### The problem
Nothing but the lines from the one containing "Lumivelle Casual Solid" through the last line of the data below should be returned, each exactly as it stands, pictures excluded.

### Dataset entries

---+---

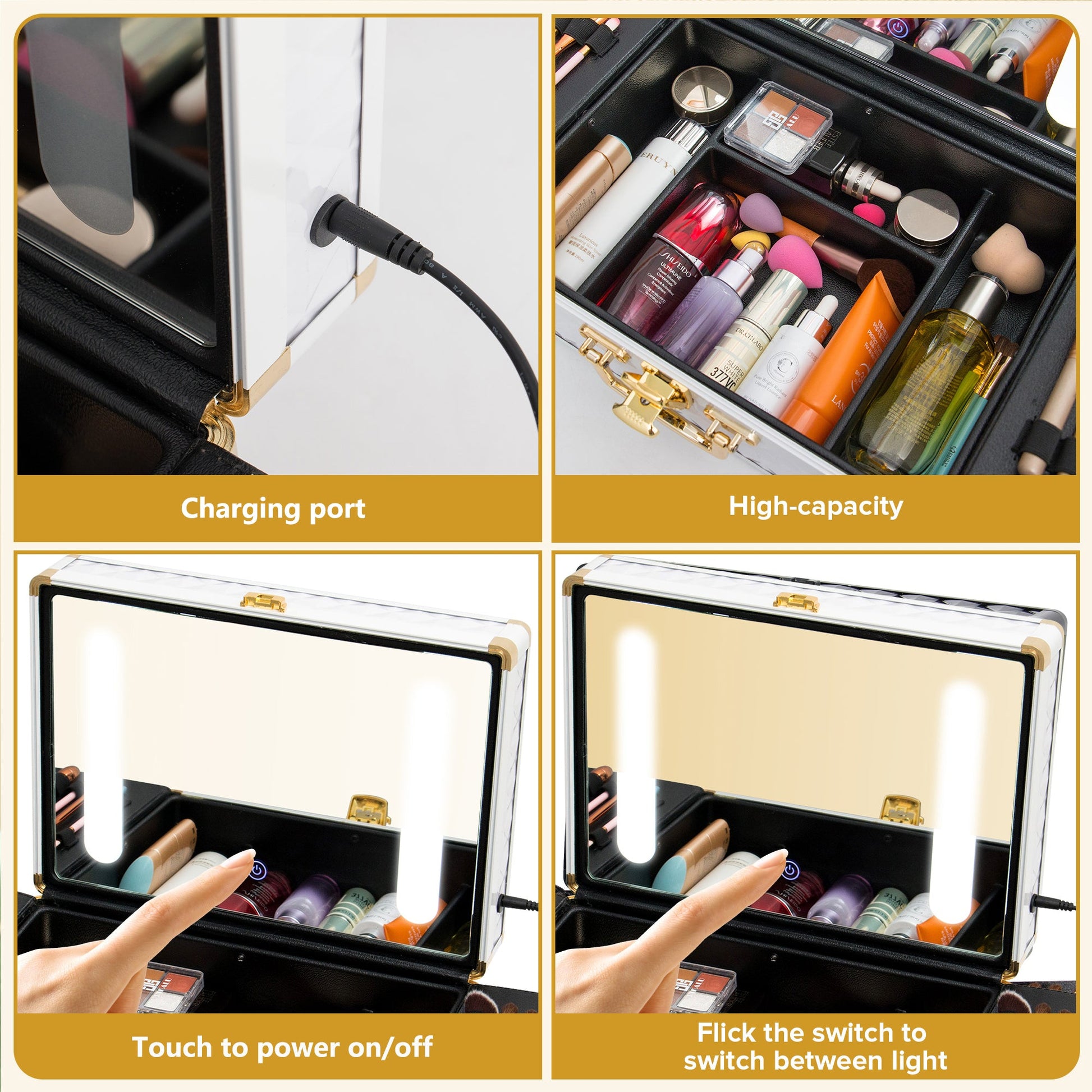 Portable makeup case, travel makeup bag with LED mirror, locked makeup storage box, brush holder, divider, rechargeable, white - Korvel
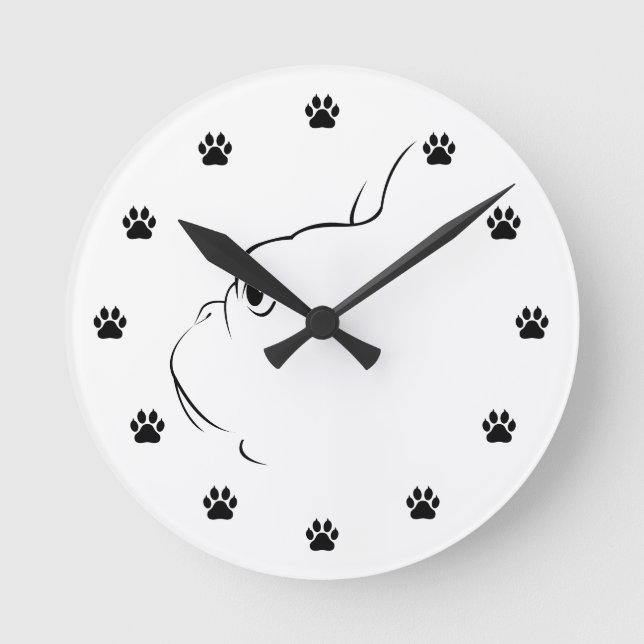 French Bulldog Silhouette Wall Clock (Front)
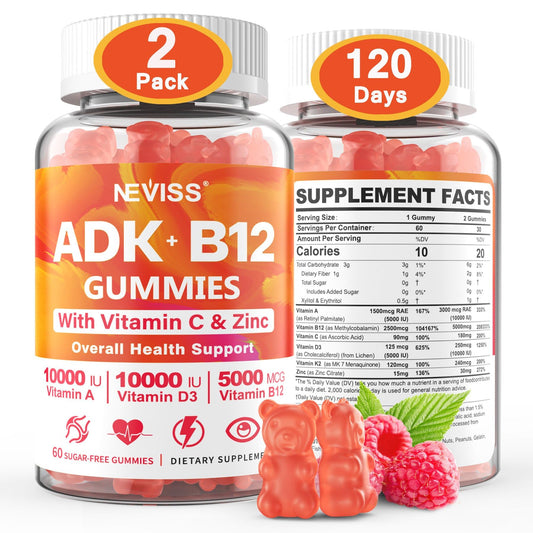 Neviss Sugar-Free ADK+B12 Gummies bottle front for everyday wellness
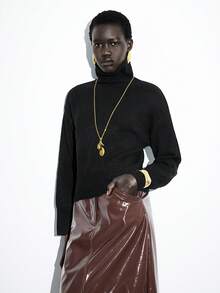 Lumivelle Casual Solid Color Turtleneck Sweater, Autumn/Winter - Black - View 5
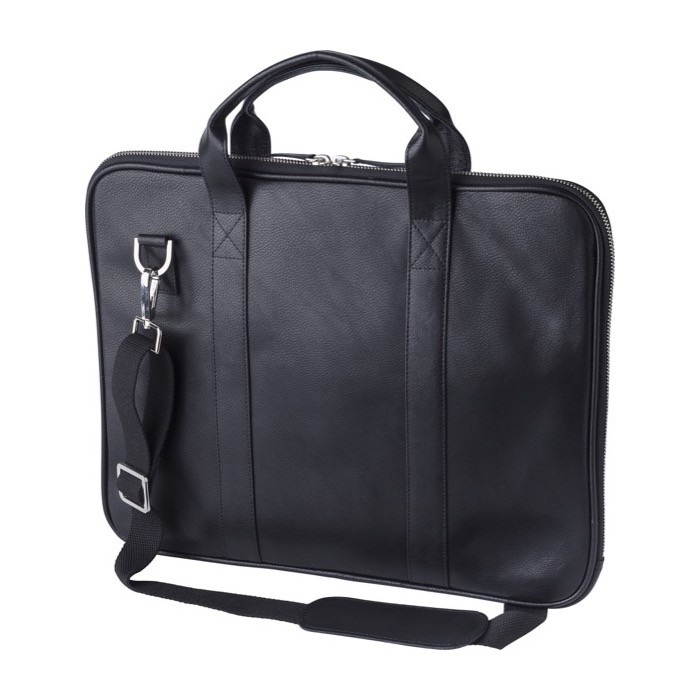 Maletín de piel para PC con múltiples compartimentos 15” color negro segunda vista Maletín de piel para PC con múltiples compartimentos 15” color negro segunda vista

---+---

### Answer space
 Lumivelle Casual Solid Color Turtleneck Sweater, Autumn/Winter - Black - View 5
 Maletín de piel para PC con múltiples compartimentos 15” color negro segunda vista Maletín de piel para PC con múltiples compartimentos 15” color negro segunda vista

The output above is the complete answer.